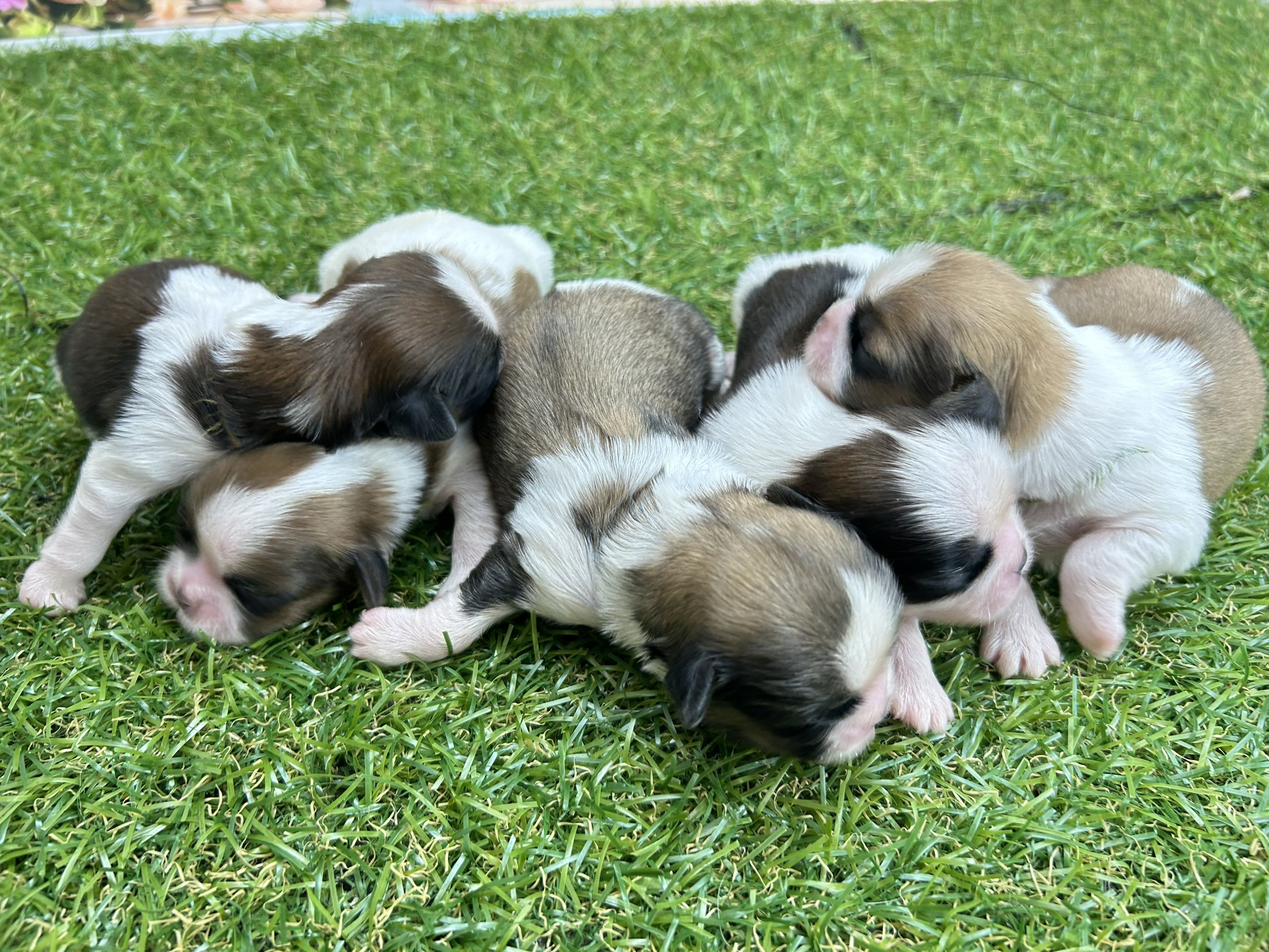 赤ちゃん写真1-3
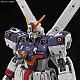 Crossbone Gundam RG 1/144 XM-X1 Crossbone Gundam X1 gallery thumbnail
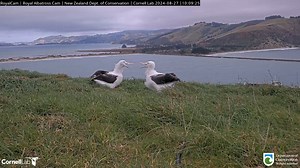 A neighborly dispute! Watch the Northern Royal Albatross chicks from the Top Flat and Top Flat Track nest clap their bills in each other's direction. Things settle down after a short spat, and the Top Flat chick retreats back to a comfortable distance. Quarrels between chicks become more common as they gain mobility and explore new territories. Watch LIVE at AllAboutBirds.org/Albatross | Bird Cams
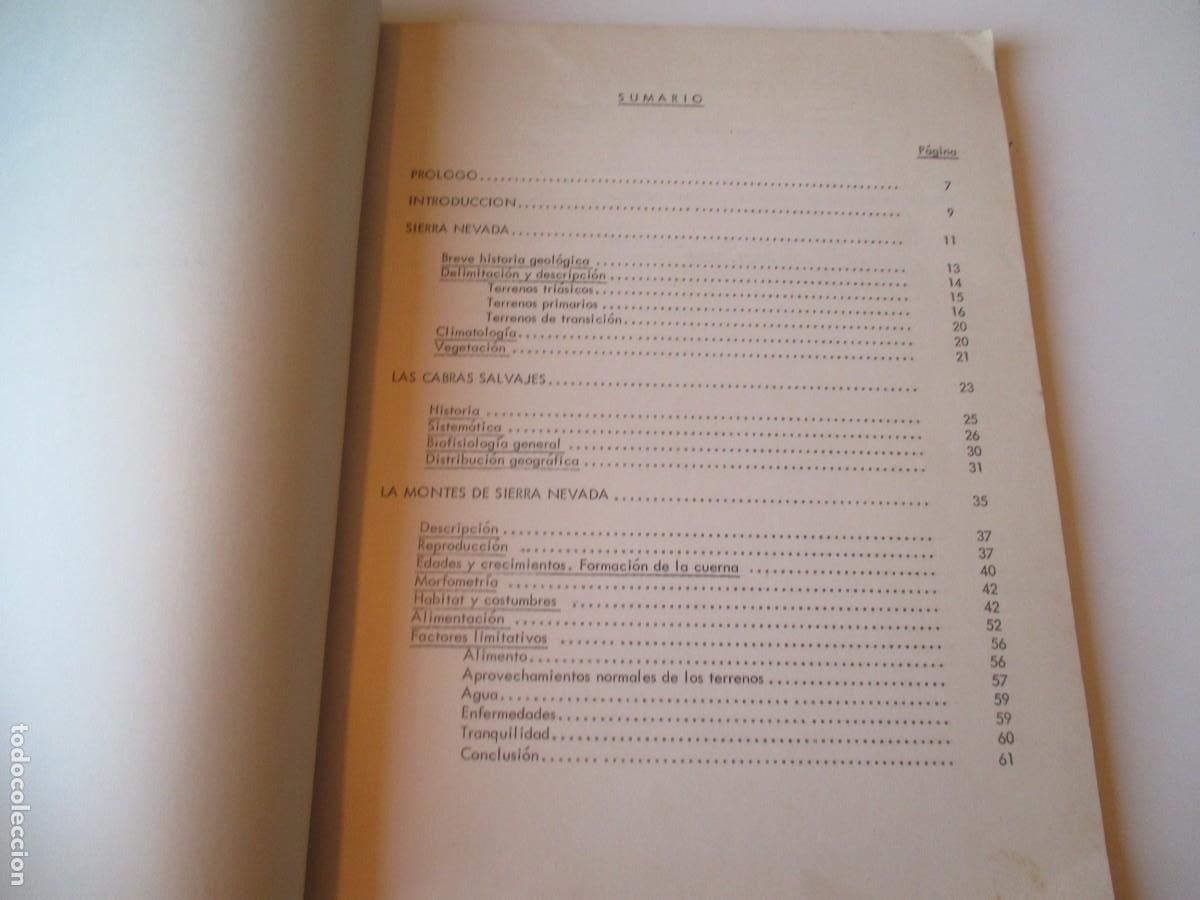 Libros de segunda mano: La cabra montes en Sierra Nevada . Documentos t&eacute;cnicos W36740 - Foto 2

***

What the task requires:
Verbatim output, no pictures: the line holding "Crossbone Gundam RG" and all lines after it through the last line of the material, with nothing else.

Worked solution:
 Crossbone Gundam RG 1/144 XM-X1 Crossbone Gundam X1 gallery thumbnail
 A neighborly dispute! Watch the Northern Royal Albatross chicks from the Top Flat and Top Flat Track nest clap their bills in each other's direction. Things settle down after a short spat, and the Top Flat chick retreats back to a comfortable distance. Quarrels between chicks become more common as they gain mobility and explore new territories. Watch LIVE at AllAboutBirds.org/Albatross | Bird Cams
 Libros de segunda mano: La cabra montes en Sierra Nevada . Documentos t&eacute;cnicos W36740 - Foto 2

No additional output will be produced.